There is no beginning and no end. The Boy and the Old Man have no past life; they have no future. There is no boundary to the wind farm and the sea. There is no hint of anyone who might benefit from the wind farm.
The Boy and the Old Man are suspicious of each other. With just one another for company - and the creaks and grand and bangs of the plant as it is ravaged by the sea - they try to live independent lives despite being mutually dependent on one another. They care for each other and they hate each other.
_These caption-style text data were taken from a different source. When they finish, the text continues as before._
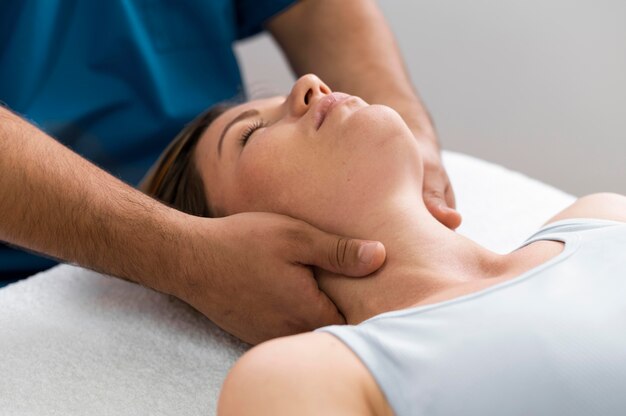 Osteopathy patoient getting tretment massage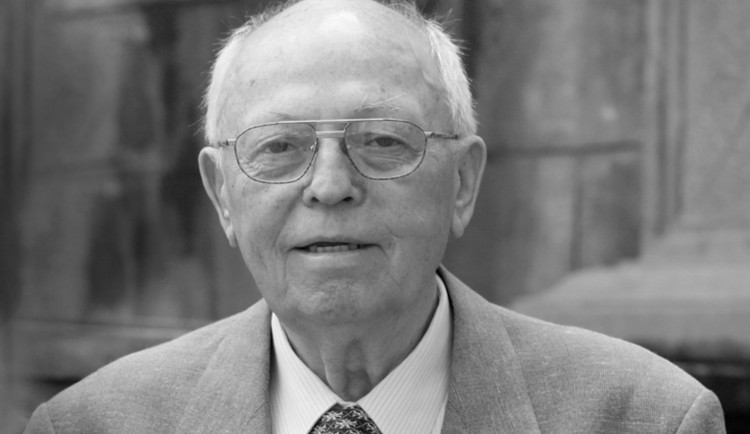 Zemřel divadelní režisér a emeritní rektor JAMU Alois Hajda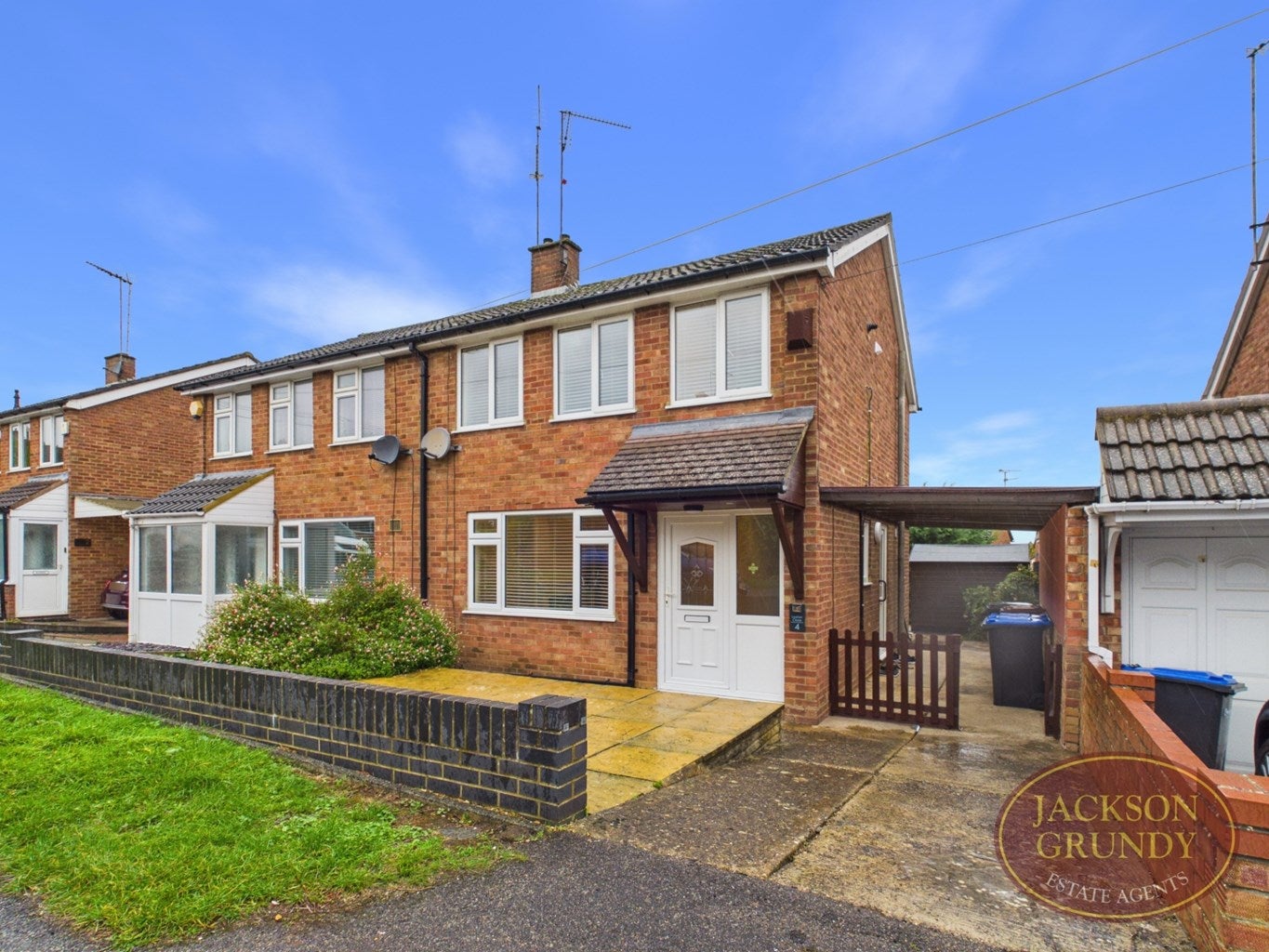 House Loxton Close in Duston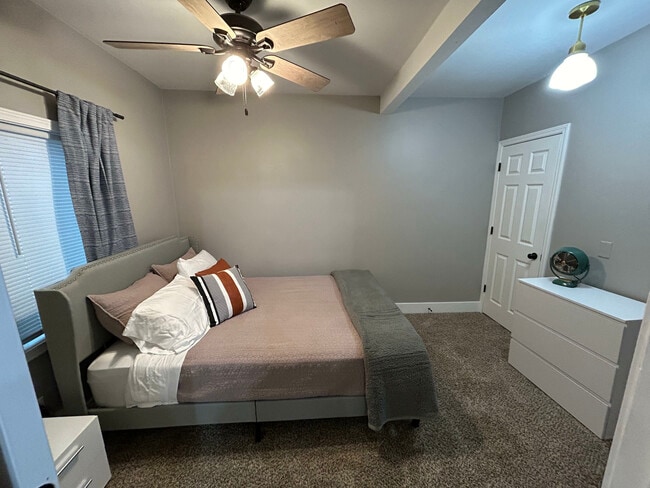 Photo - 619 Charles Ave SE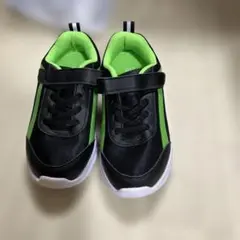 キッズ　スニーカー　21.0cm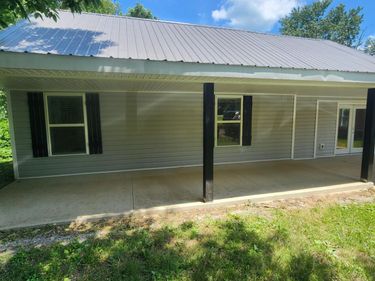 5270 Highway 2141 , Hustonville, KY 40437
Bizarrely, this reminded me of the vast cattle stations in Australia, remote and isolated, farmers living in grinding poverty to supply a wealthy nation that they seldom see with their meat. And inevitably - probably intentionally - it reminded me of The Old Man and The Sea. Almost nothing happens, just the battle between man and nature that nature always wins. And then, there were also shades of the final scenes of The Truman Show as Truman sails for a shoreline he doesn't even believe exists.
The book is short, the writing is spare and stylised. But despite the bleakness, there is a warmth in the writing that keeps the reader engaged. Through the boredom and drudgery and backbiting we see genuine affection that the odd couple feel for one another. We see that some of the mutual suspicion and prying might have come from good hearts.
The novel is interleaved with occasional fragments from a past when Doggerland was dry land, inhabited by people who could never have imagined the horror of the grey, windswept sea. It is never clear whether these snippets were long ago and the sea is the present day, or whether the land is the present day and the sea is the future we all face.
Either way, it has made me feel that we all owe a greater gratitude to those who endure hardship to support the comfortable lives that many of us lead.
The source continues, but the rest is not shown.